New York -- Just before 8 p.m. -- and an hour after the tree lighting ceremony at Rockefeller Center began -- Gino Palacios stood at the southeast corner of 50th and 5th Avenue waiting to cross the street and enter the city's massive outdoor holiday space.
His son, Alexander, 4, was seated on his shoulders. His daughter Victoria, 7, was standing just a few inches away. His wife and a relative visiting for the week from Ecudaor were also there. Palacios said he saw the tree lighting in Rockefeller Center once before, almost 20 years ago. But for his children, this was the first time, making the drive from their Nutley, N.J. home and the wait worthwhile. This was to be a night of big waits for big things.
"I just, I just want to see it," Victoria said. "I want to know what it's like. I think my tree is bigger at our house."
Victoria's bold declaration made a few people nearby chuckle. After all, there were what seemed like hundreds of people on the same corner inching toward Rockefeller Center, home of a massive Christmas tree and New York's declaration that the Christmas season has begun.
First, the stats.
This year's tree, a 74-foot-tall Norway Spruce, is believed to be about 75-years-old, according to a statement released this month by Rockefeller Center. It weighs in at 12 tons and measures about 40 feet around. The tree hails from Mifflinville, Pa.
A crane positioned the tree in an upright position at Rockefeller Center earlier this month, where it was promptly wrapped in scaffolding so that workers could begin stringing more than 30,000 multi-colored -- and, as Rockefeller Center's public relations staff stressed in the statement -- energy-efficient LED lights. Strung on the equivalent of five miles of wire, the lights will be powered with the help of hundreds of solar panels, according to the statement. The tree is topped with a Swarovski Star -- unveiled by the actress Blake Lively at a separate event on Nov. 18.
Rockefeller Center officials also did not respond to a request for comment Wednesday. Everyone from President Barack Obama to the Black Eyed Peas were scheduled to attend the tree-lighting ceremony.
Now, the history.
In New York, Christmas has not always been the city's most heavily decorated holiday, said Eric Robinson, a reference assistant at the New York Historical Society's library. That honor was reserved for New Year's Eve, from the city's earliest days as a 17th century Dutch colony until at least the early 1800s. Then, some New Yorkers began public celebrations and displays associated with a Dec. 6 holiday known as St. Nicholas Day. Before long, the public displays and events extended to Christmas, Robinson said.

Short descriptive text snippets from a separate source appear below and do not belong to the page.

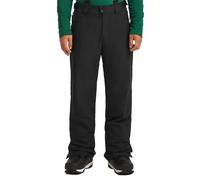 O´neill Fwc Cruz Suspender Pants Noir 2XL Homme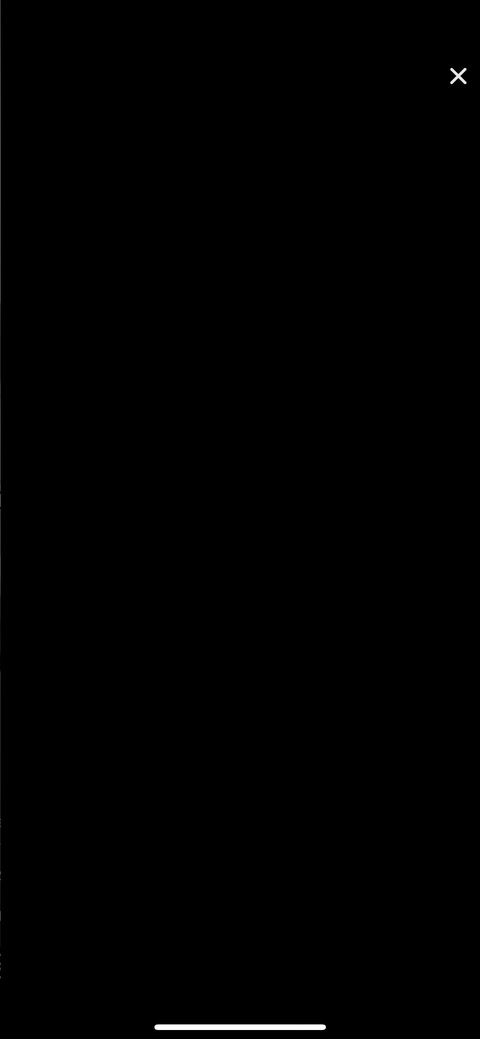 ash0128 header picture leakfans.com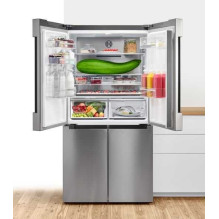 Bosch KFN96VPEA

In 1924, the nation had its first outdoor illuminated Christmas display in Cleveland, Ohio, said William L. Bird, who wrote the 2007 book "Holidays on Display." The display did not land in Cleveland's Nela Park by coincidence, Bird said. General Electric's lighting division was based in the area. In 1924, company engineers spent weeks building the outdoor wonderland and figuring out how to make the noses of reindeer sculptures twinkle.
"It's kind of interesting that General Electric is today the major tenant in Rockefeller Center," said Bird, who is also a curator at the National Museum of American History.

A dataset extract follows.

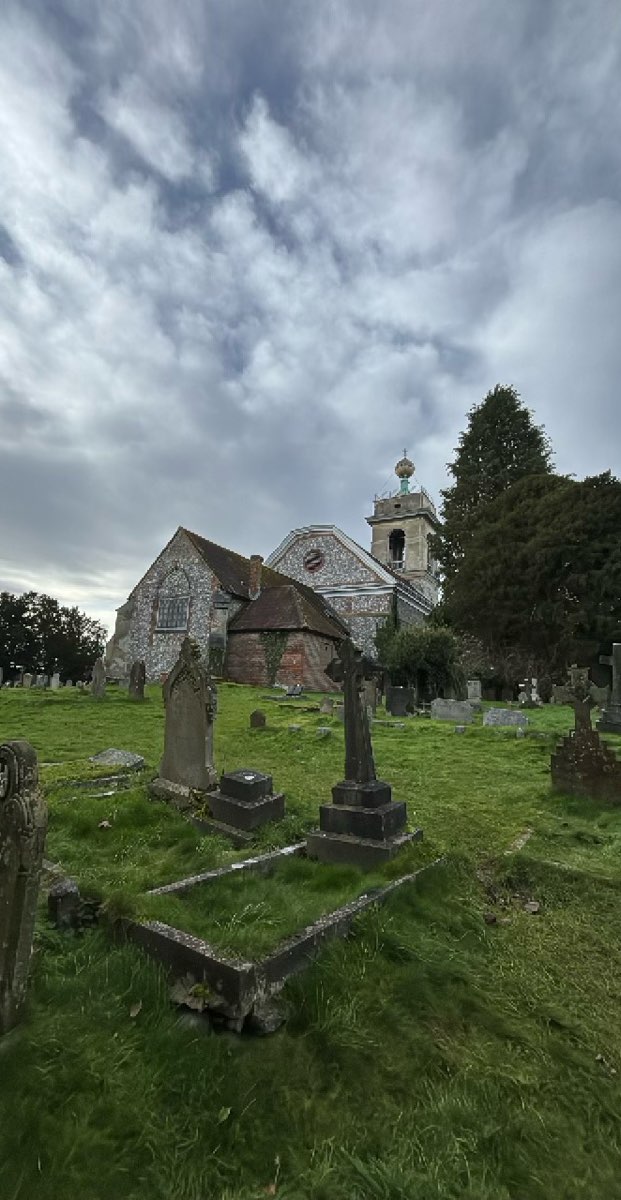 वेस्ट वायकोम्ब स्कैवेंजर हंट स्कैवेंजर हंट तस्वीरें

Rockefeller Center history and common folklore have it that in 1931, in the midst of The Great Depression, workers building the office complex that would become Rockefeller Center put up and decorated a small Christmas tree, Bird said. Rockefeller Center began an official holiday display and celebration in 1933, according to the complex's website.
At Rockefeller Center on Wednesday night, the big tree, the lights and the show drew a large crowd with long waits. Moving about 100 yards took more than five minutes.
"I'm hoping, I guess I'm really hoping for the kids to see the big tree at least one time," Palacios said. "So far, the wait hasn't been too bad. I mean, this is a big deal. You want the kids to have this experience, to see the big, big tree. So, you wait."
CORRECTION: This story has been modified to remove inaccurate information about the tree's origins provided by Rockefeller Center.